The applicant invoked Article 58(1)(a) EUTMR.



GROUNDS FOR THE DECISION


According to Article 58(1)(a) EUTMR, the rights of the proprietor of the European Union trade mark will be revoked on application to the Office, if, within a continuous period of five years, the trade mark has not been put to genuine use in the Union for the goods or services for which it is registered, and there are no proper reasons for non-use.


In revocation proceedings based on the grounds of non-use, the burden of proof lies with the EUTM proprietor as the applicant cannot be expected to prove a negative fact, namely that the mark has not been used during a continuous period of five years.

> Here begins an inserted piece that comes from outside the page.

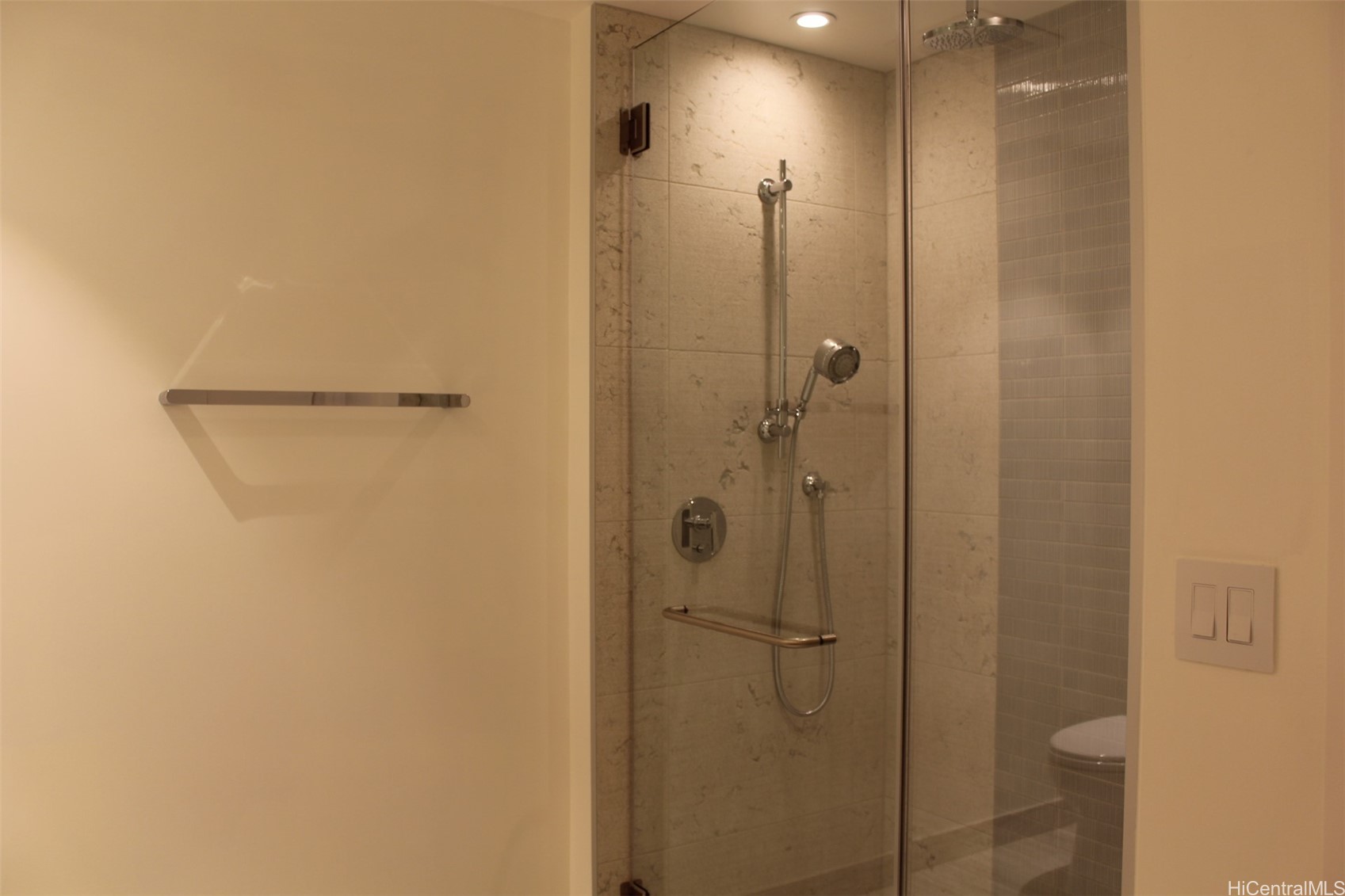 1100 Ala Moana Boulevard 1407 Property Photo 7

Therefore, it is the EUTM proprietor who must prove genuine use within the European Union or submit proper reasons for non-use.

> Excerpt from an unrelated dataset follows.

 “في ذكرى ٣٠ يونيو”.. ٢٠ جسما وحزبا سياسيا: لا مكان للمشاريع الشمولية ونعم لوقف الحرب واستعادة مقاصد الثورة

In the present case the EUTM was registered on 28/06/2014. The revocation request was submitted on 27/02/2020. Therefore, the EUTM had been registered for more than five years at the date of the filing of the request.


On 06/03/2020, the Cancellation Division duly notified the EUTM proprietor of the application for revocation and gave it a time limit of two months to submit evidence of use of the EUTM for all the goods for which it is registered.

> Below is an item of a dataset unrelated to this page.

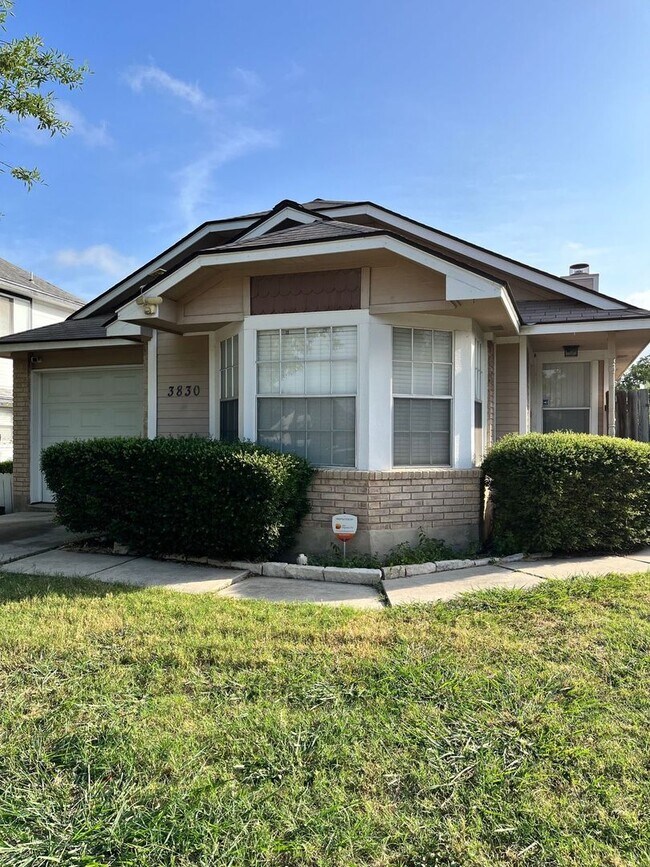 Photo - 3830 Candlestone Dr House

The proprietor requested an extension of the time limit on 16/04/2020, which was granted.


The EUTM proprietor did not submit any observations or evidence of use in reply to the application for revocation within the specified time limit.


According to Article 19(1) EUTMDR, if the proprietor of the European Union trade mark does not submit proof of genuine use of the contested mark within the time limit set by the Office, the European Union trade mark will be revoked.


In the absence of any reply from the EUTM proprietor, there is neither any evidence that the EUTM has been genuinely used in the European Union for any of the goods for which it is registered nor any indications of proper reasons for non-use.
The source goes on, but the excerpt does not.